Yesterday the government announced how it would spend over £2.1 billion of Levelling Up Fund money, perhaps expecting that for them it would be a good news day. Instead, Rishi Sunak was beset by media accusations that wealthy London and the South East would unfairly benefit while so-called “left behind” areas elsewhere in the country were overlooked. But is London really to get more than its fair share?
The capital has been allocated £151 million in the latest funding round, which is 7.3 per cent of the total. That is a significant increase on the first round of funding, which saw London awarded just 3.8 per cent. Yet the capital’s allocation remains tiny compared both to London’s population and to its levels of need.
Despite the larger amount of money London is again to receive comfortably the lowest amount per capita of any region or nation in the UK – just £17 per resident. That is just over half the equivalent measure for the rest of the UK (£33), and one third of those for North East and North West of England regions.
London’s allocation is particularly low when you consider its levels of need. The capital contains great wealth but also entrenched deprivation. Over one in four (27 per cent) London households are in poverty, compared to just one in five (21 per cent) in rest of the UK as whole. The capital has the highest levels of poverty, of child poverty, and of in-work poverty of any region or nation in the UK. It also has the second highest level of unemployment of any region. If levelling up is to mean anything, it must mean not just closing the gaps between regions, but narrowing the deep inequalities that scar the capital too.
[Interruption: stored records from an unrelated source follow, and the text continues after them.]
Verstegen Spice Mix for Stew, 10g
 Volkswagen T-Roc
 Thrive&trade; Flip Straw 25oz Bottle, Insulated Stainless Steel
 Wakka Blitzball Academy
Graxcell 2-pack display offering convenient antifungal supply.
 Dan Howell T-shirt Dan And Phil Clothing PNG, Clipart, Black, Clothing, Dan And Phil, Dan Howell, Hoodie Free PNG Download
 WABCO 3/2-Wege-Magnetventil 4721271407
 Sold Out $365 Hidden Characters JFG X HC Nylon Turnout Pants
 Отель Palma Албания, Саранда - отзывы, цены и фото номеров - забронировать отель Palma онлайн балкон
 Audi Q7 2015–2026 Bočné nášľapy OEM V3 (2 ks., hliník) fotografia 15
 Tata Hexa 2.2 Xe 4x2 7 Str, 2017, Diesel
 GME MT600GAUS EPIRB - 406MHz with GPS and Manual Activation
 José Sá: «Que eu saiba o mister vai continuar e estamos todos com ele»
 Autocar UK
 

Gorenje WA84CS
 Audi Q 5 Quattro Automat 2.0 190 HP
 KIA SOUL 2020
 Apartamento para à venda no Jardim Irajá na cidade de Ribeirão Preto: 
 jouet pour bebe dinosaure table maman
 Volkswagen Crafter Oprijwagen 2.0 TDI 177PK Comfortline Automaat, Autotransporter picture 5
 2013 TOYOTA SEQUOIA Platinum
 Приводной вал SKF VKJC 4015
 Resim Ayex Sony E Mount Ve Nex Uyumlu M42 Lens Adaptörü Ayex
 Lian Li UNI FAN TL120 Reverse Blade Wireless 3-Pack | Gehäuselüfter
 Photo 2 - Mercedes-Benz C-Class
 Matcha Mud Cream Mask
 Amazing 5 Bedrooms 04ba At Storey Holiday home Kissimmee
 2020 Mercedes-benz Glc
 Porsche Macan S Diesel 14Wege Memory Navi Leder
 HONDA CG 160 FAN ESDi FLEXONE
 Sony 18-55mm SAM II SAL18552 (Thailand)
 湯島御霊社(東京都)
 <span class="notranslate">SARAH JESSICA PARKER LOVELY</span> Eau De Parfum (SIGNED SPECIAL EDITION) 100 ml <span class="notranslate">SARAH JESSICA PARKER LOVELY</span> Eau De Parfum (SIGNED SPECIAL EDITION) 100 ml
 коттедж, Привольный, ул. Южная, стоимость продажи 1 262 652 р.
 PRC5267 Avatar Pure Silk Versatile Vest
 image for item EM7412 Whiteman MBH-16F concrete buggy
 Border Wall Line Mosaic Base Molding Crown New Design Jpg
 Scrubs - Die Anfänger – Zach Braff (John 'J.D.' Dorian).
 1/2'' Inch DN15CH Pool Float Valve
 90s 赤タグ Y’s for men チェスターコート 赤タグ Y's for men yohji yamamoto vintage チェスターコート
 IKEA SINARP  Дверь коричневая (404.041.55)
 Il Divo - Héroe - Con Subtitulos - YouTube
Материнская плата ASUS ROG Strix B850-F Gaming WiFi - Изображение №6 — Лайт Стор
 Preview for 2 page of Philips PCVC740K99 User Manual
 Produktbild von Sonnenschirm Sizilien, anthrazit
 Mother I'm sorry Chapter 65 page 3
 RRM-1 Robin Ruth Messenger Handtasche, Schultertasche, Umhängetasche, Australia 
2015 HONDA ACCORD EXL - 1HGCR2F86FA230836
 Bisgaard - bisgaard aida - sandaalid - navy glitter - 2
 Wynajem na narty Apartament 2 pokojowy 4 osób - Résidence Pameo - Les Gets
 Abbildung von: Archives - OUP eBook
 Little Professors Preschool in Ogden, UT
So the Levelling Up Fund has certainly not unfairly favoured London. And at the same time there are some very legitimate criticisms of how the fund works which relate to the wider issue of local and regional government and the concentration of power in Whitehall.
Firstly, the process of allocating the funding is hugely wasteful. As with a number of similar funds, local authorities have to bid to central government for funding. Putting together these bids requires a significant amount of time and resources Yet out of 525 bids just 111 – or 21 per cent – were successful.
Secondly, the process is the very antithesis of devolution. Rather than councils developing and funding their own projects, decisions about which will proceed and which will not are made by national government ministers. Rather than empowering local communities, the Levelling Up Fund represents what Andy Street, the Conservative Mayor of the West Midlands Combined Authority described as a broken “bidding and begging bowl culture”.
In addition, there is an issue with the quantum of funding. The £2.1 billion is a decent sum, but it is small by comparison with the reductions in funding of local authorities in the past decade. London has seen reductions in revenue of over £600 per person during that period. Local government has experienced among the biggest declines in funding of any department during austerity, and those in London have experienced both the biggest decline in funding and in spending per capita. The most recent local government funding settlement, announced just before Christmas, did deliver a welcome and vitally needed funding boost, but even after this, core spending power of London boroughs will be 18 per cent lower next year in real terms than in 2010/11.
It is understandable that some might be uncomfortable with London benefitting from the Levelling Up Fund, given the significant wealth that exists here. But it is also a deeply unequal city scarred by grinding hardship. Crucially, London lacks the levers to raise funding locally – to capture some of the wealth that does exist – in order to address its own needs.
England is one of the most centralised countries in Europe and until that changes, local government will remain largely reliant on funding decisions from Whitehall. Rather than competing for pots of money for specific projects, further fiscal devolution, both to the capital and to the rest of the UK, would put power in the hands of local communities, enabling them to raise the funds they need to invest and to drive inclusive local growth.